Task description:
For the records below, copy exactly the span that begins at the line containing "coches - foto 2" and stops after the line containing "L’Oreal Age Perfect", minus any pictures.

Material to process:
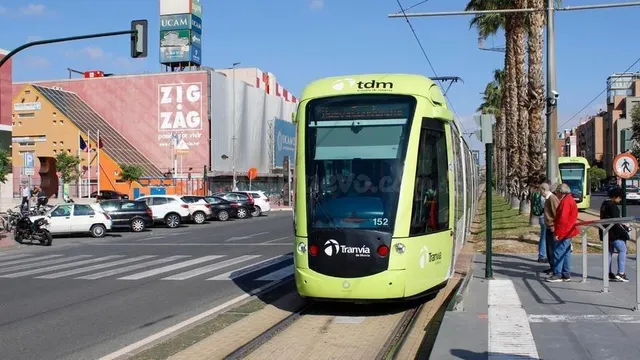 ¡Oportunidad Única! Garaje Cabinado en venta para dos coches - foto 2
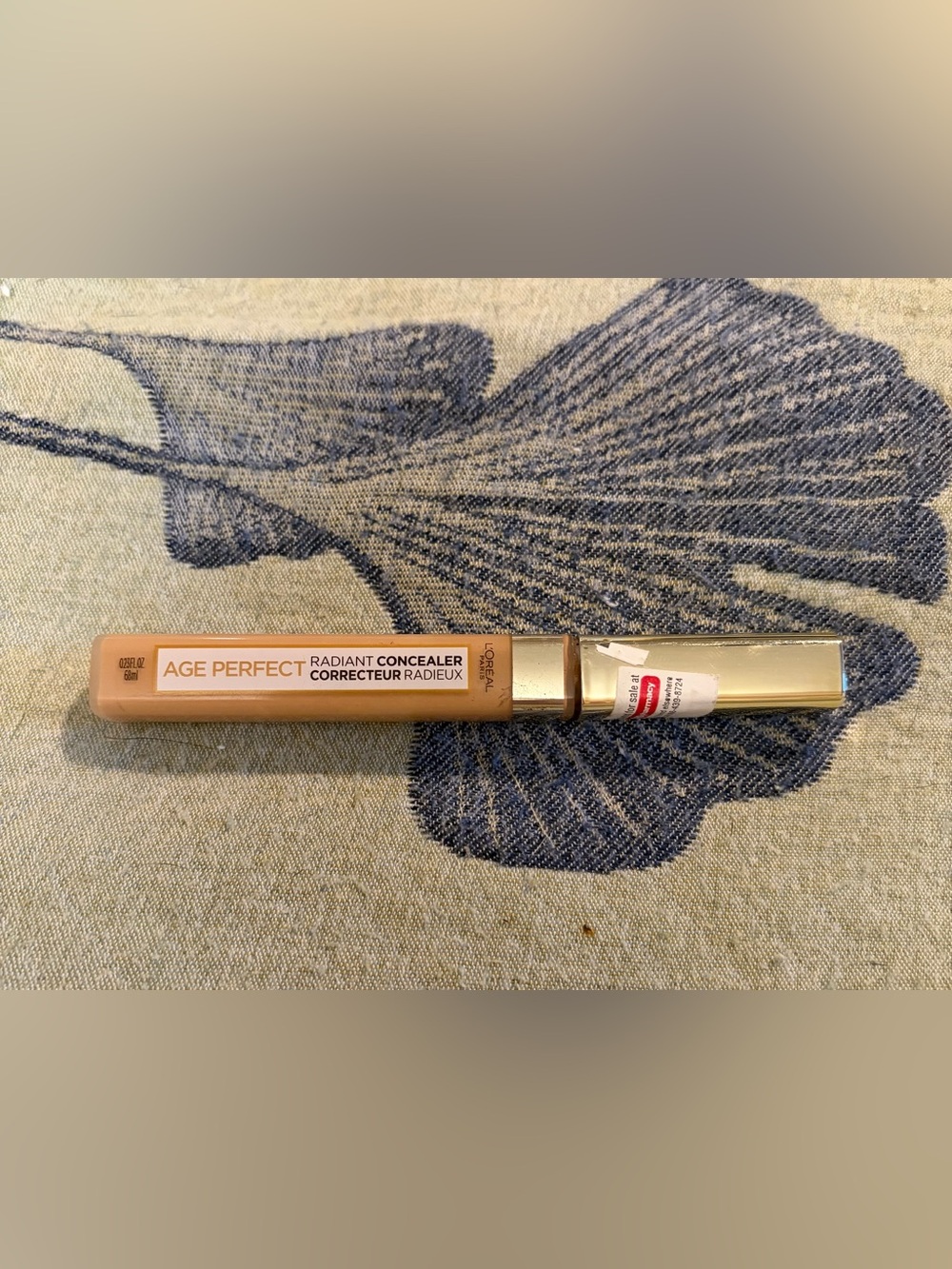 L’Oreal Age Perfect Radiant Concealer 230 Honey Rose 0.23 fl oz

--

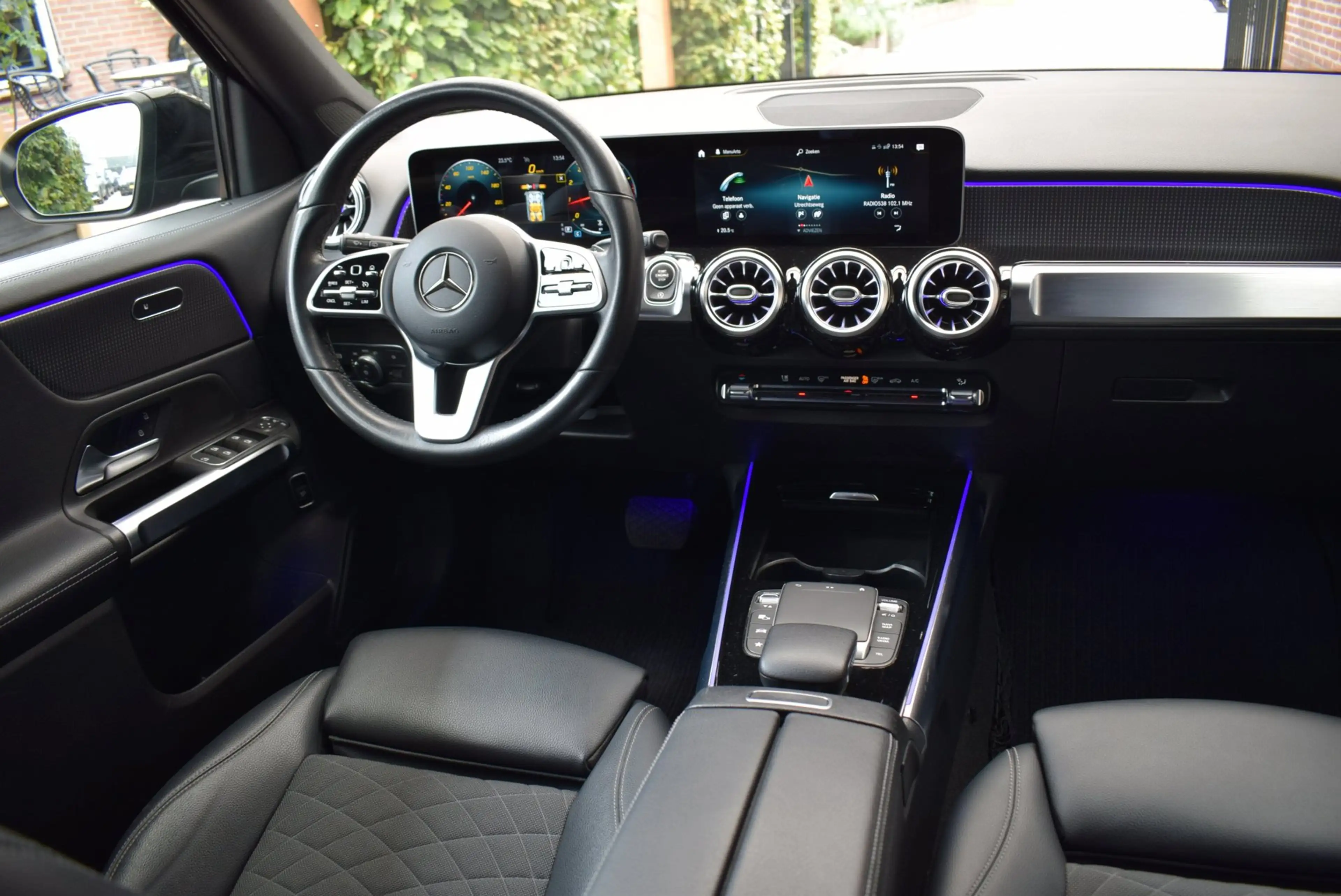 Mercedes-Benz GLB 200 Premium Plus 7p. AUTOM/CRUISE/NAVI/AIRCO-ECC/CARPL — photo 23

Output below:
 ¡Oportunidad Única! Garaje Cabinado en venta para dos coches - foto 2
 L’Oreal Age Perfect Radiant Concealer 230 Honey Rose 0.23 fl oz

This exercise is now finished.